Consider a $n$-dim real vector space $A$ (say $\mathbb{R}^n$), and there exists a collection of $n$ vectors $\{v_1,...,v_n\}$ such that it spans a dense subset of $A$.
I am wondering if this collection of vectors forms a basis of $A$? (It seems it is true, but I cannot prove it)
Thanks in advance.
Really thanks @Guillermo García Sáez for pointing out the topology and @AnneBauval for providing answer!
It is indeed a basis since "in $\mathbb{R}^n$ with its usual topology, any subspace is closed".

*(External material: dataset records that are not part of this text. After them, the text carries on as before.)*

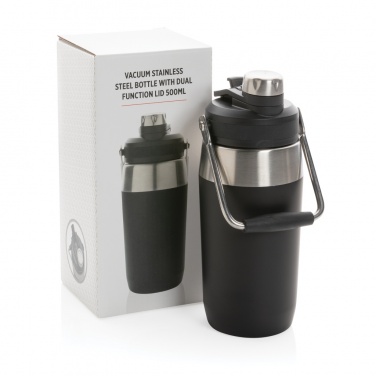 Logo trade advertising products picture of: Vacuum stainless steel dual function lid bottle 500ml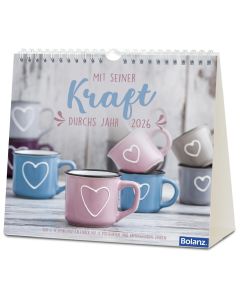 Mit seiner Kraft durchs Jahr 2026 - Postkartenkalender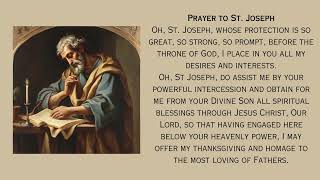 Prayer to St Joseph - An Intercession to the Earthly Father of Jesus Christ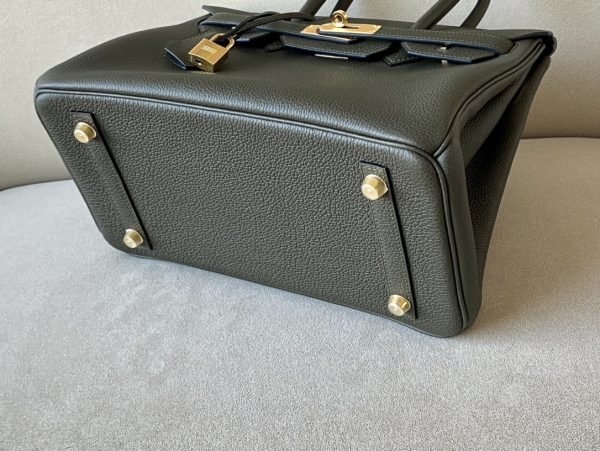 Birkin 30 Togo Vert Gris(C6) Gold Hardware - Image 7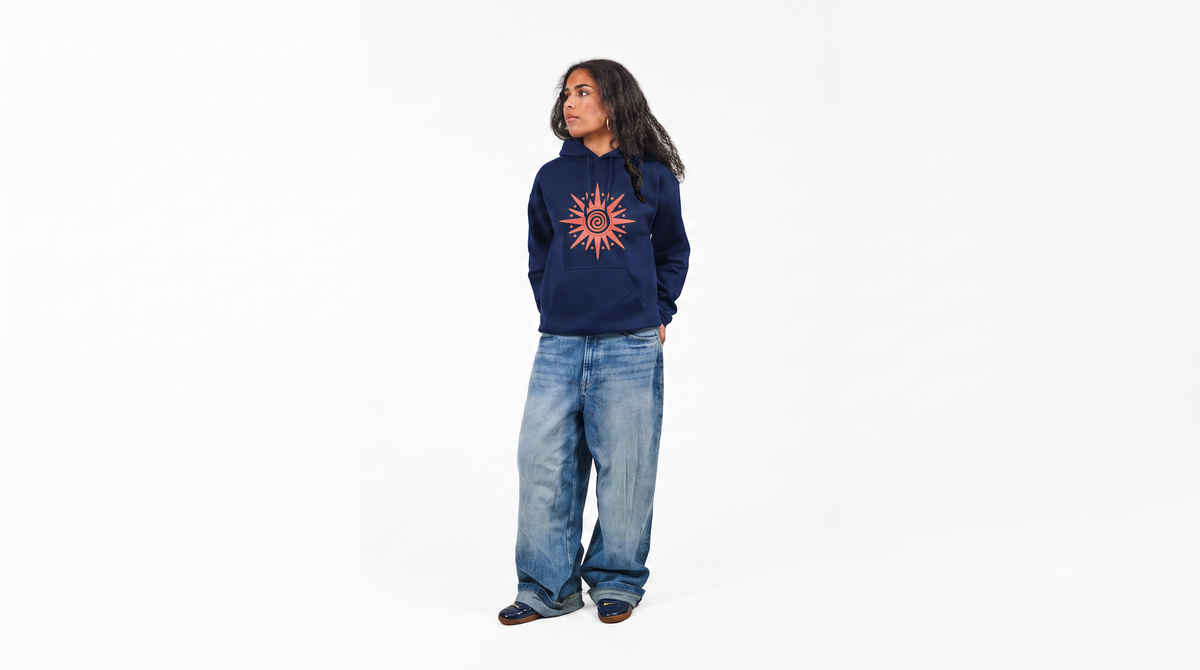 REDSUN HOODIE MØRKEBLÅ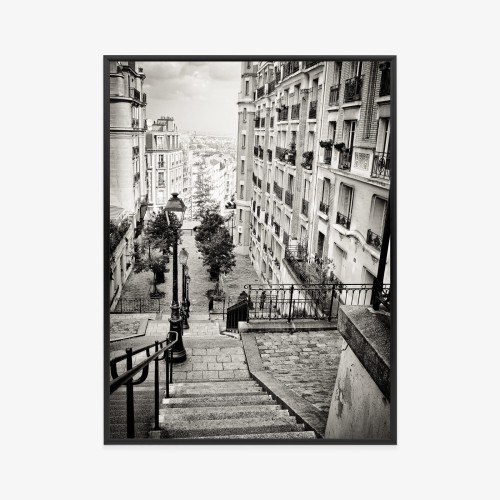 Plakat Niesamowite Ulice Paryża - Fotografia Czarno-Biała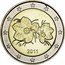 Finland 2 Euro Cloudberry Flowers. 2nd Map 2011 FI KM# 130 2007 FI coin obverse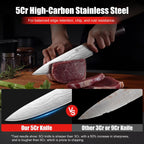 PAUDIN Chef Knife, 8 Inch High Carbon Stainless Steel Kitchen Knife | Ergonomic Handle, Ultra Sharp 5Cr15MoV, for Home Kitchen & Restaurant, Gift Box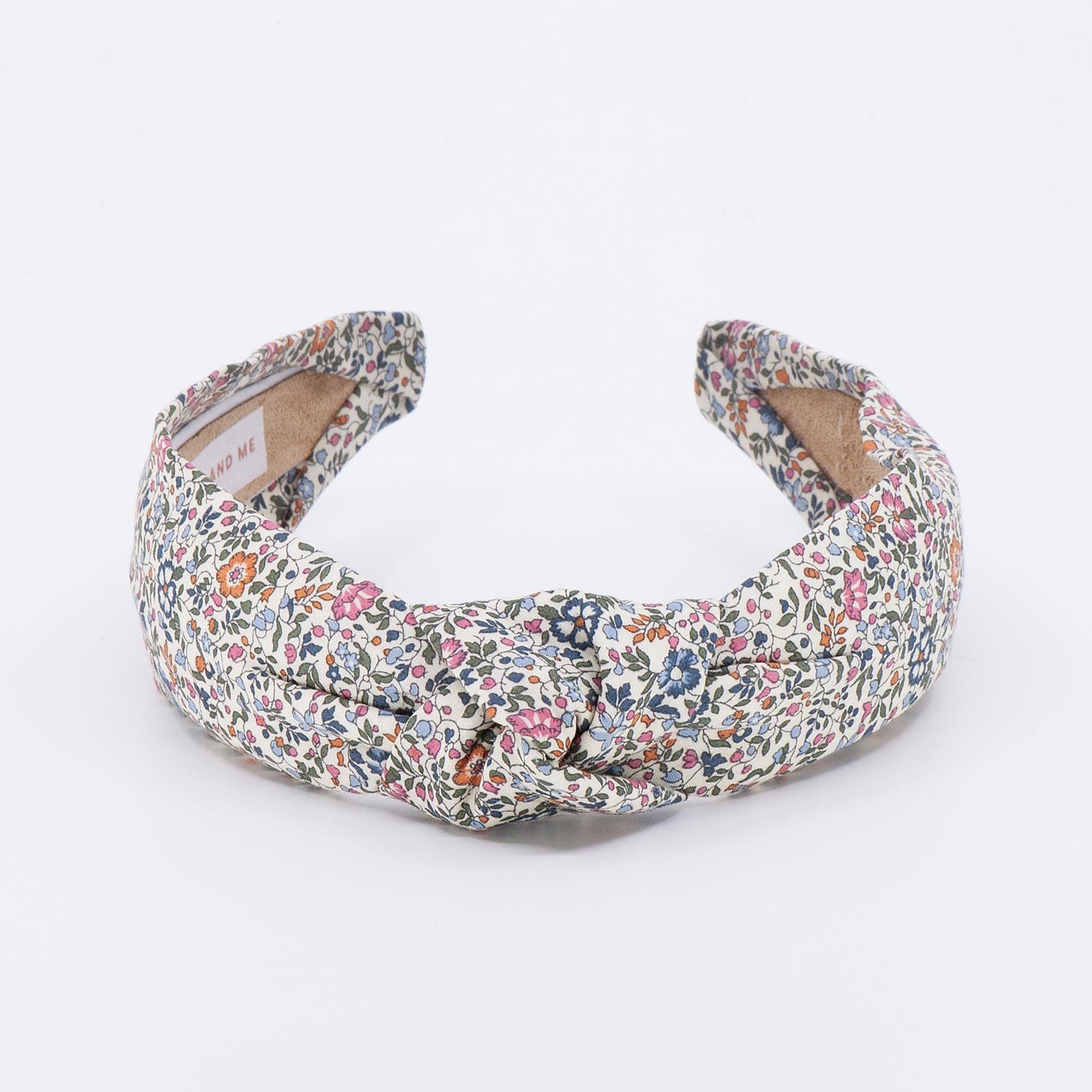 Knotted headband made with Katie and Millie Liberty of London fabric.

$span\{v_1,...,v_n\}$ is a subspace and it is dense, so it in fact is the whole space $\mathbb{R}^n$.
===== Proof of the quoted statement =====
Suppose there is a subspace $S$ that is not closed, that means there exists a converging sequence of vectors in $S$ but the limit is not in $S$, i.e., $$\{u_k\}\subset S\to u, u\not\in S.$$ Since $S$ is a subspace (say $dim(S)=m\leq n$), we can write down the basis $\{b_1,...b_m\}$. Also note $u$ is linearly independent to $\{b_1,...b_m\}$, then $\{b_1,...b_m,u\}$ is linearly independent in $\mathbb{R}^n$.
Consider the subspace $S^*$ spanned by $\{b_1,...b_m,u\}$, and reconsider the above converging sequence $\{u_k\}\subset S^*$. Under the basis $\{b_1,...b_m,u\}$, $$u_k=(u_{k1},...,u_{km},0),$$ while, $$u=(0,...0,1).$$ Since $u_k\to u$, we have $u_{ki}\to0$ and $0\to1$ which is a contradiction.